I can think of at least one such factor: the inevitable blow-back against any “Yankee” military intervention in the Latin American public opinion and the subsequent and potentially severe consequences for US puppets (à la Bolsonaro for example) and various comprador regimes (in Colombia for example) on the continent. Other than that, my biggest hope is that the debacle in Iraq, Afghanistan and elsewhere will be sufficient to persuade US officials that one more military disaster would not yield any benefits to their interests.
The clock is running and the Neocon gang in the White House has to decide either way – blame it all on somebody else (the Venezuelan people, the Russians, the Chinese, Hezbollah, Iran, Martian extraterrestrials, etc.) and leave or try an overt military intervention and hope that things go better than they always do.
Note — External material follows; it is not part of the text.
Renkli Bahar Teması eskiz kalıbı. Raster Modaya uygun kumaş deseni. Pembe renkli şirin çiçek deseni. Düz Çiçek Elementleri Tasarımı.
What do you think? Will the Trump Administration go to war and, if yes, where?
The Saker
PS: quick Ukrainian update: neither Poroshenko nor Zelenskii have anything resembling a real program (albeit Zelenskii just released a 10-point “plan” which is simply silly, no point in discussing it now). Since both of them will be US puppets, this is not a big problem: the course of the Ukraine will not change as a result of this election anyway. Poroshenko’s campaign in weak, he is trying to cater to the Russian speaking population (he even goes as far as sometimes speaking in Russian, which is technically illegal for him!), but that is way too late by now: everybody hates him and the regime he represents. Zelenskii, in contrast, has a very dynamic and effective campaign – mostly videos – in which he says stuff which Poroshenko could never say. Most observers, including myself, think that since the 2nd round of voting is a competition of anti-ratings (negative perception) Zelenskii will win. Time is running out for Poroshenko, he better come up with something dramatic, or he needs to run. As for Yulia Vladimirovna, she clearly is in discussions with the Zelenskii people to see if they can form a political coalition in the Rada. I believe that these negotiations will be kept secret until the 2nd tour, at which point a “coalition of Zelenskii supporting factions” will be created in the Rada.